I have a json array that looks as below -
[
{
"Code": "some code",
"Name": "some name",
"Country": "some country",
"Cost": "some cost",
"Type": "Some type"
},{
"Code": "some code",
"Name": "some name",
"Country": "some country",
"Cost": "some cost",
"Type": "Some type"
},{
"Code": "some code",
"Name": "some name",
"Country": "some country",
"Cost": "some cost",
"Type": "Some type"
}
]
I am trying print each json block on a new line with fields separated by '#'
Expected output
some code#some name#some country#some cost#some type
some code#some name#some country#some cost#some type
some code#some name#some country#some cost#some type
I've tried the code below which separates the content with '#'. However, it merges all blocks into a single line like this - some code#some name#some country#some cost#some type#some code#some name#some country#some cost#some type#some code#some name#some country#some cost#some type
cat contents.json | sed 's/^[ \t]*//;s/[ \t]*$//' | awk -F ': *' 'BEGIN { RS=",\n\"|\n}," } { gsub(/[\n\]\[\}]/,"",$2); if ($2) { printf("%s#", $2); } }'
Please could someone guide me to et this right?

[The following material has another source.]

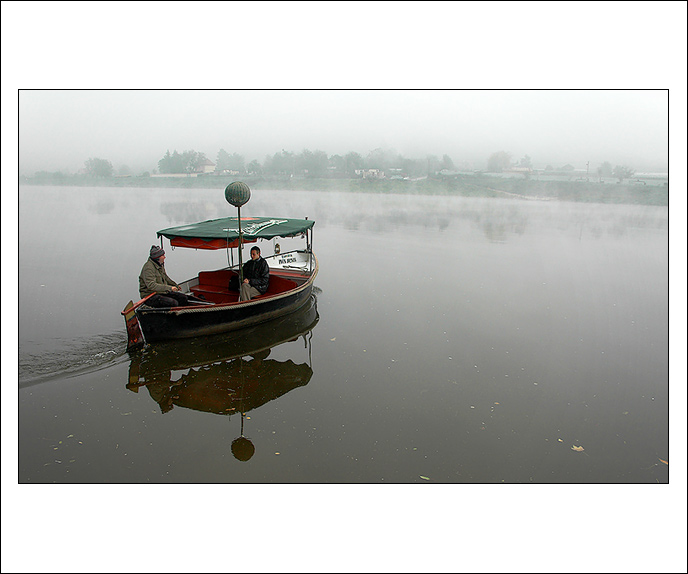 ze života převozníka VI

CodePudding user response:
Using jq, the join builtin, when applied to an object, will pull out the field values and concatenate them using a separator string. The -r option ensures that raw text is being output (rather than JSON).
jq -r '.[] | join("#")' contents.json
some code#some name#some country#some cost#Some type
some code#some name#some country#some cost#Some type
some code#some name#some country#some cost#Some type
Update: If in the input objects the keys cannot be guaranteed to always be in the same order, just specify their order explicitly using an array.
jq -r '.[] | [.Code,.Name,.Country,.Cost,.Type] | join("#")' contents.json
some code#some name#some country#some cost#Some type
some code#some name#some country#some cost#Some type
some code#some name#some country#some cost#Some type
CodePudding user response:
I won't recommend mlr over jq for dealing with JSON, but in this case its powerful features could become handy for further processing of the input:
mlr --ijson --ocsv --ofs '#' unsparsify file.json
Code#Name#Country#Cost#Type
some code#some name#some country#some cost#Some type
some code#some name#some country#some cost#Some type
some code#some name#some country#some cost#Some type
note: You can remove the header with the -N option
The advantage of this solution is that unordered or missing keys in the JSON objects won't jinx the output. Yet, if the JSON has a more complex structure then mlr won't be able to convert it.